Achieving Non-Discrimination in Data Release
Document Type
Article - Abstract Only
Publication Date
2017
Keywords
Information Systems, Data Mining, Applied Computing, Law, Social and behavioral sciences
Abstract
Discrimination discovery and prevention/removal are increasingly important tasks in data mining. Discrimination discovery aims to unveil discriminatory practices on the protected attribute (e.g., gender) by analyzing the dataset of historical decision records, and discrimination prevention aims to remove discrimination by modifying the biased data before conducting predictive analysis. In this paper, we show that the key to discrimination discovery and prevention is to find the meaningful partitions that can be used to provide quantitative evidences for the judgment of discrimination. With the support of the causal graph, we present a graphical condition for identifying a meaningful partition. Based on that, we develop a simple criterion for the claim of non-discrimination, and propose discrimination removal algorithms which accurately remove discrimination while retaining good data utility.
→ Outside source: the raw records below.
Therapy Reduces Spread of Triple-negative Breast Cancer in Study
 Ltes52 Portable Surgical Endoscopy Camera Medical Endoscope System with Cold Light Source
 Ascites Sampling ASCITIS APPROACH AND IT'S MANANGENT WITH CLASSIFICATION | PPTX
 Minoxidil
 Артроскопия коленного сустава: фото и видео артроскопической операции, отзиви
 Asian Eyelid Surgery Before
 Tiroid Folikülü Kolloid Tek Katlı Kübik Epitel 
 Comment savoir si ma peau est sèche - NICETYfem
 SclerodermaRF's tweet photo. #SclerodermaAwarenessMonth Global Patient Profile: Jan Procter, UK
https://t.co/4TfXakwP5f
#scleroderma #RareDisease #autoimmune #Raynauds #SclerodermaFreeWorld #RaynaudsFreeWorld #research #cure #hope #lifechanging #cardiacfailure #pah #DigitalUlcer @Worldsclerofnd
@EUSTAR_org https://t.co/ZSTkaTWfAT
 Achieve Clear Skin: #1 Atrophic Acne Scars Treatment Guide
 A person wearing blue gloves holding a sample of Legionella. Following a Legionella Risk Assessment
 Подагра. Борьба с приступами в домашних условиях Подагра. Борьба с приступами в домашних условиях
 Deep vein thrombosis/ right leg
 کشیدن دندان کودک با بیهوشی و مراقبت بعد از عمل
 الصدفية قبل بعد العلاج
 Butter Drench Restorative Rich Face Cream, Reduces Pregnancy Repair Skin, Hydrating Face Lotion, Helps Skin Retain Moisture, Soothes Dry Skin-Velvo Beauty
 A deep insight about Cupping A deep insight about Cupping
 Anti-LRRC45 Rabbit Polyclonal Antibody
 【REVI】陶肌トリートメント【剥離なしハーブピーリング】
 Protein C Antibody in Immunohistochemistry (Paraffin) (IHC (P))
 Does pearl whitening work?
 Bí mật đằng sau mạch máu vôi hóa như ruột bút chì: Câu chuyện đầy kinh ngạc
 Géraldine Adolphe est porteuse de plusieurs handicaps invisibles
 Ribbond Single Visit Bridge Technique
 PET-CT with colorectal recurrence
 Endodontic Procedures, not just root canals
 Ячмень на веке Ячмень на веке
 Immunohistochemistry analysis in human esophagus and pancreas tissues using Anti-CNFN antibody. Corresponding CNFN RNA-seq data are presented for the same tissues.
Experiments using real datasets show the effectiveness of our approaches.
Citation
Lu Zhang, Yongkai Wu, and Xintao Wu. 2017. Achieving Non-Discrimination in Data Release. In Proceedings of the 23rd ACM SIGKDD International Conference on Knowledge Discovery and Data Mining (KDD '17). ACM, New York, NY, USA, 1335-1344. DOI: https://doi.org/10.1145/3097983.3098167
Comments
Principal Investigator: Xintao Wu
Acknowledgements: This work was supported in part by NSF 1646654.